Structure, Acidity, and Redox Aspects of VOx/ZrO2/SiO2 Catalysts for the n-Butane Oxidative Dehydrogenation

Abstract

ZrOx/SiO2 and VOx/ZrOx/SiO2 catalysts (5 wt %–25 wt % Zr, 4 wt % V) were prepared by grafting zirconium and vanadium alkoxides on Aerosil 380. All samples were characterized by temperature programmed reduction, N2 physisorption, X-ray diffraction, Raman spectroscopy, and ammonia adsorption microcalorimetry. Tetragonal ZrO2 and zircon (ZrSiO4) were present at 25 wt % Zr, but only amorphous zirconia overlayer existed for lower loadings. At lower Zr loadings (5 wt %–10 wt % Zr), exposed silica surface leads to V2O5 crystallites and isolated VO4 species, although V reducibility behavior changes, from being similar to VOx/SiO2 (5 wt % Zr) to showing VOx/ZrO2 behavior at 10 wt % Zr, and a diminished total amount of reducible V. Highly acidic ZrO2 sites are covered by the vanadium grafting, forming weaker sites (60–100 kJ/mol NH3 adsorption strength).

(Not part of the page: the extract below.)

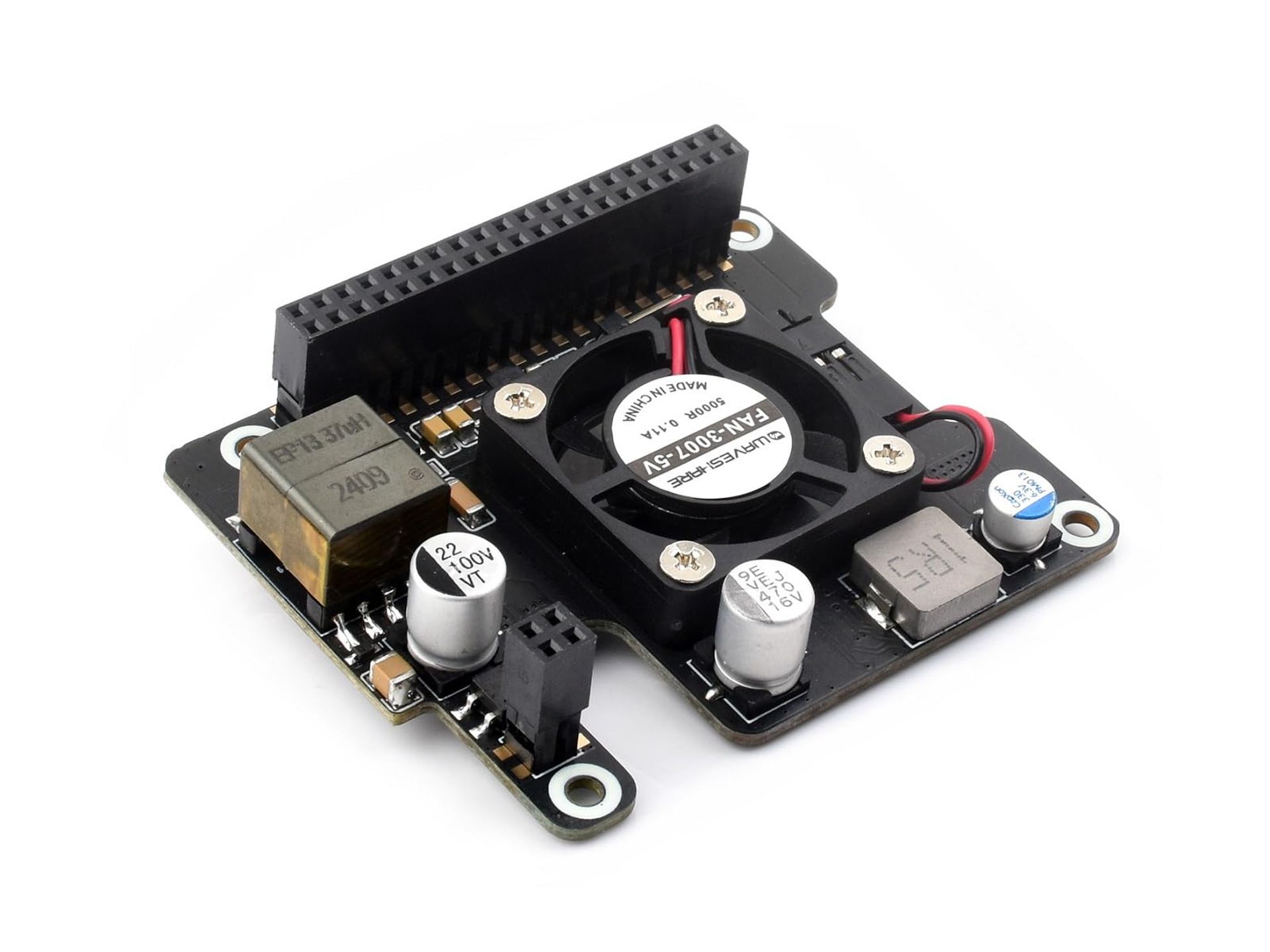 Power Over Ethernet HAT for Raspberry Pi 5 with Metal Heatsink and Cooling Fan IEEE 802.3af/at-Compliant - Silver PoE HAT (F)-(BT)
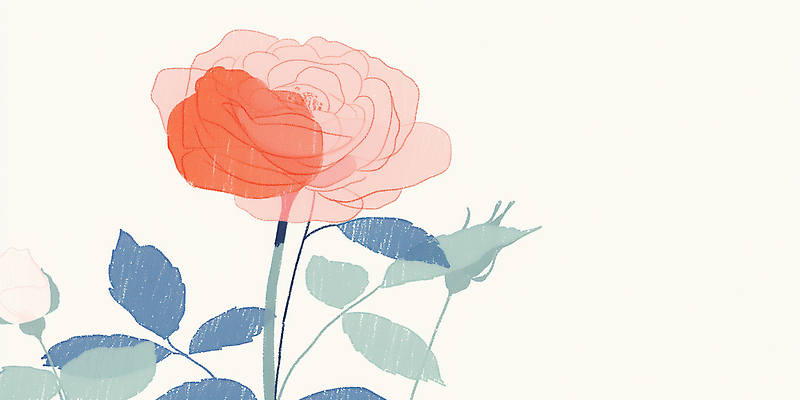 JPG 모양 식물 디자인 꽃 예술 줄기 분홍색 컬러 백그라운드 잎 일러스트 자연 빨간색 장미 회색 배열 그림 부드러움 단순화된 국내일러스트 AI일러스트 AI콘텐츠 감각 생태계 파일형식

Catalytic conversion and selectivity for the oxidative dehydrogenation of n-butane (673 K, n-C4/O2 = 2.2) over VOx/ZrOx/SiO2 show that 1,3-butadiene is favored over cis-2-butene and trans-2-butene, although there is some selectivity to the 2-butenes when VOx/ZrO2 behavior is evident. At low Zr loadings, butadiene formed during reaction acts as the diene species in a Diels–Alder reaction and gives rise to a cyclic compound that undergoes further dehydrogenation to produce benzaldehyde.